Residency Program: St. Mary’s General Hospital, Passaic, New Jersey  
 

Podiatry Relevance: There is no standardized protocol for prophylaxis against venous thromboembolism (VTE) in foot and ankle surgery. Prophylaxis typically has been modeled after hip and knee surgery. Studies thus far have shown that other than achilles repair, foot and ankle surgery is not at a comparably higher risk for patients developing DVT. Thus, there have been no definitive established guidelines, and prophylaxis remains controversial. The aim of this study is to aid in identifying which patients are at higher risk of developing VTE after ankle fracture surgical repair. Furthermore, this article aids the surgeon in screening which patients should be screened and considered more strongly for treatment.  

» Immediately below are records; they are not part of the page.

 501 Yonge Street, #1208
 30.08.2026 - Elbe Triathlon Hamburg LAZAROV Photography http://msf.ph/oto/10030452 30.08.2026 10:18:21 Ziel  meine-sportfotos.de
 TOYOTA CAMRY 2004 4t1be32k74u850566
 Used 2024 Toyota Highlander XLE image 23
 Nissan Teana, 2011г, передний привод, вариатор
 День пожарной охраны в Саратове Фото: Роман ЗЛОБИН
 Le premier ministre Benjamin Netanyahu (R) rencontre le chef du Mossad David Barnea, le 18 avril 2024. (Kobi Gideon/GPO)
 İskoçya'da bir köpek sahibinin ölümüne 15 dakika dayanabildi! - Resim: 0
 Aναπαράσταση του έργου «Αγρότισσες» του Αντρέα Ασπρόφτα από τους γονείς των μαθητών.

Methods: The authors conducted a retrospective review of 15,342 patients within the ACS-NSQIP database. These patients were screened for surgical repair of foot and ankle fractures from 2015 to 2019. Patients were screened to see if they developed VTE within a 30-day postoperative period. They were then stratified based on age, post-operative complications, comorbidities, and fracture pattern. 
 

Results: Significant predictors included age over 65, diabetes, dyspnea, CHF, dialysis, wound infection at the time of surgery, and bleeding disorders. These factors increased the risk of VTE by two times, and dialysis patients had an increased risk by five times. Independent functional status was found to be protective against VTE, decreasing risk by 58%. Ankle fractures that involved distal tibia fractures along with fibula fractures had a higher risk of developing VTE compared to bimalleolar, trimalleolar, isolated distal tibia fractures, calcaneal fractures, and talar fractures. 

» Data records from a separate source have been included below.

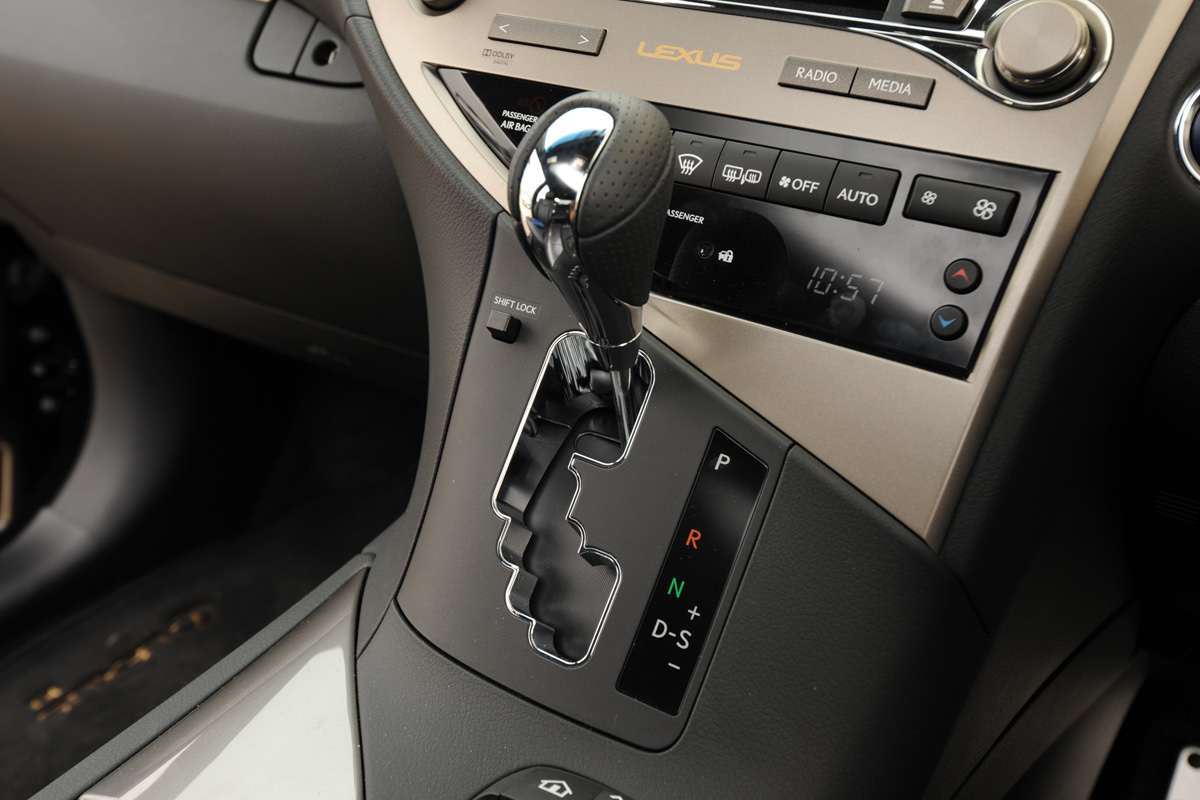 Lexus RX 450h F Sport centre console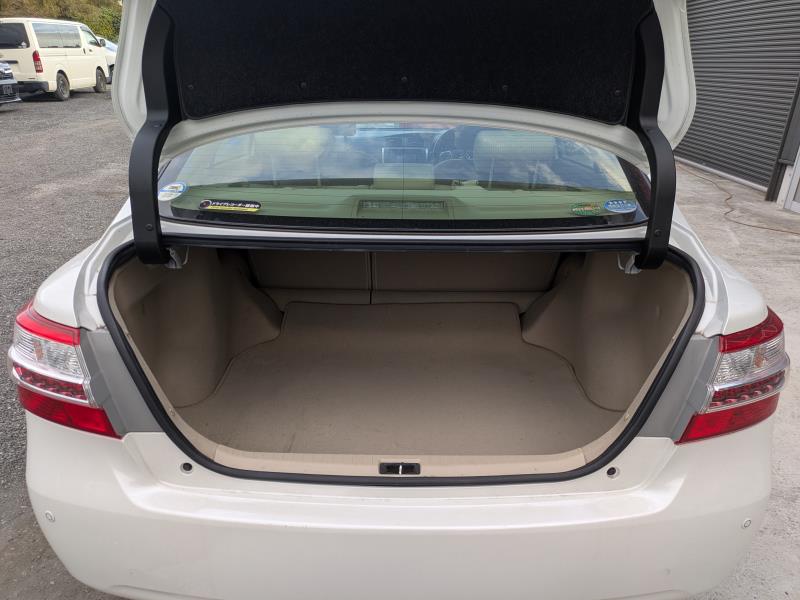 TOYOTA PREMIO 2015/12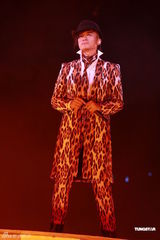 组图：古巨基开唱变白马王子 与JessicaC牵手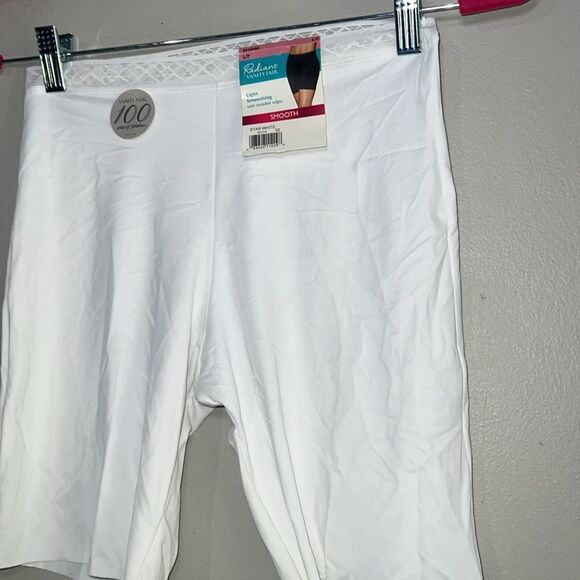 Vanity Fair light smoothing sculpting underwear NWT - Picture 2 of 6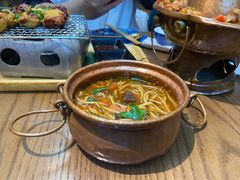 小铜锅烧牛肉米线-雀舞云南菜(乐客城店)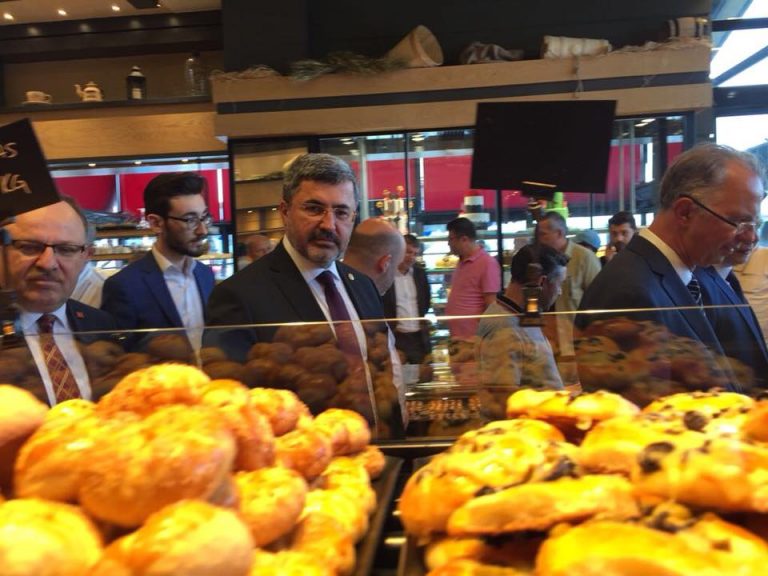 37592974_1808098365941193_7651141215965937664_n_1808098352607861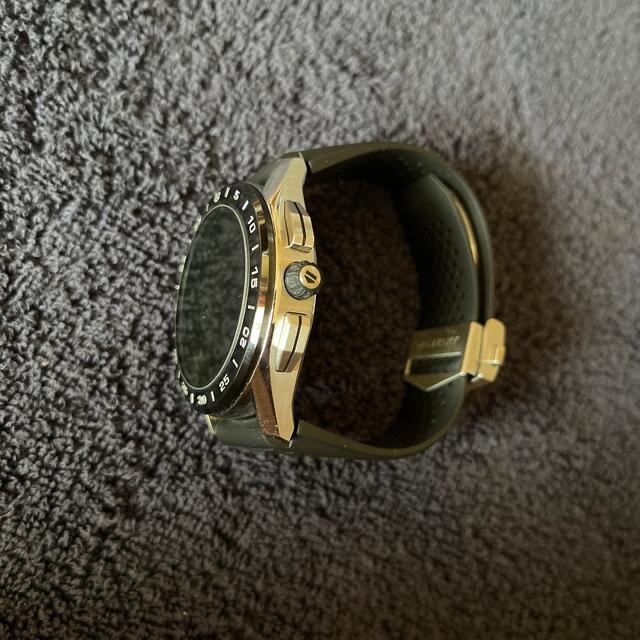 TAG Heuer(タグホイヤー)のタグ・ホイヤーTagHeuerコネクテッドconnected 第3世代 メンズの時計(腕時計(デジタル))の商品写真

Conclusions: The model studied by the authors focused on traumatic patients as a subset, as opposed to elective surgery. The authors found that patients typically with the associated comorbidities listed are at higher risk of developing VTE. Particularly of note, patients on dialysis should be considered as significantly higher risk for VTE formation. Although trauma had been identified as a higher risk for developing VTE in foot and ankle surgery previously, this study provides more predictors that aid the surgeon to guide which patients should be more strongly considered, including fracture patterns. Ankle injuries that more extensively involve the distal tibia should be recognized as higher risk compared to bimalleolar/trimalleolar ankle injuries.  

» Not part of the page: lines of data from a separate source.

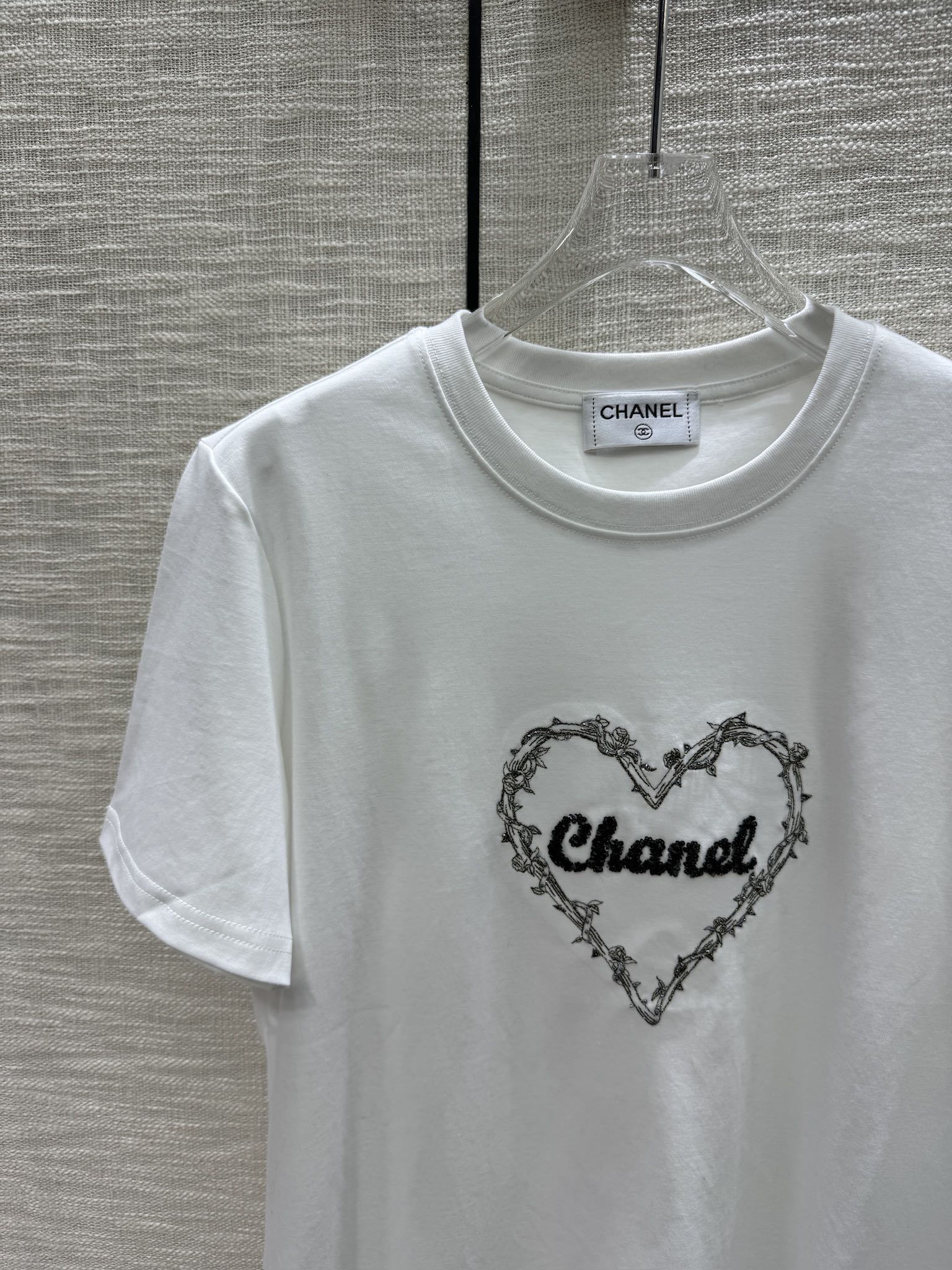 Футболка Chanel 2403 с вышивкой в ??виде сердца и буквы.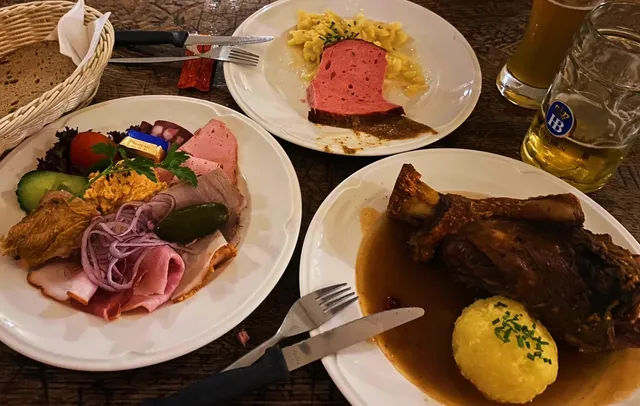 🇩🇪 Where to Find the Best German Food in Munich?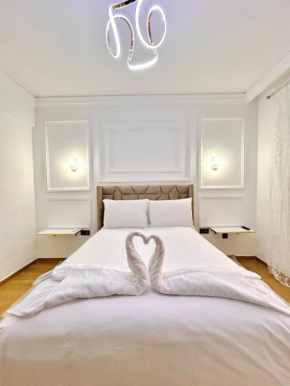 New 1BR Appart Proche M Avenue , Swimming Pool , Balcony & Parking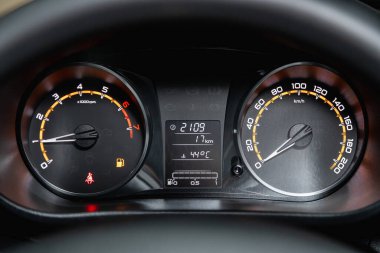 Novosibirsk, Rusya - 31 Mart 2022: Lada Largus, beyaz arka fonda gösterge paneli: Kilometre, hız göstergesi, takometre, yakıt seviyesi, su sıcaklığı ve daha fazlası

Although a standard VTE prophylaxis protocol does not exist in foot and ankle surgery, literature has already shown increased risks of VTE in certain populations with foot and ankle surgery, including factors that were studied in this study such as increased age, diabetics, patients with cardiopulmonary diseases, and active wound infections. An additional risk factor that was found in this study included fractures involving the distal tibia with concomitant ankle fractures. As a clinician and as a surgeon, fracture patterns and comorbidities have typically aided us in selecting our surgical fixation treatment and our postoperative weight bearing protocols, but this study helps show that VTE prophylaxis should also be dictated based on the extent of the injury. In summary, full consideration of the patient’s risk factors and their functional status should be taken and used when determining the patient's postoperative course of VTE prophylaxis.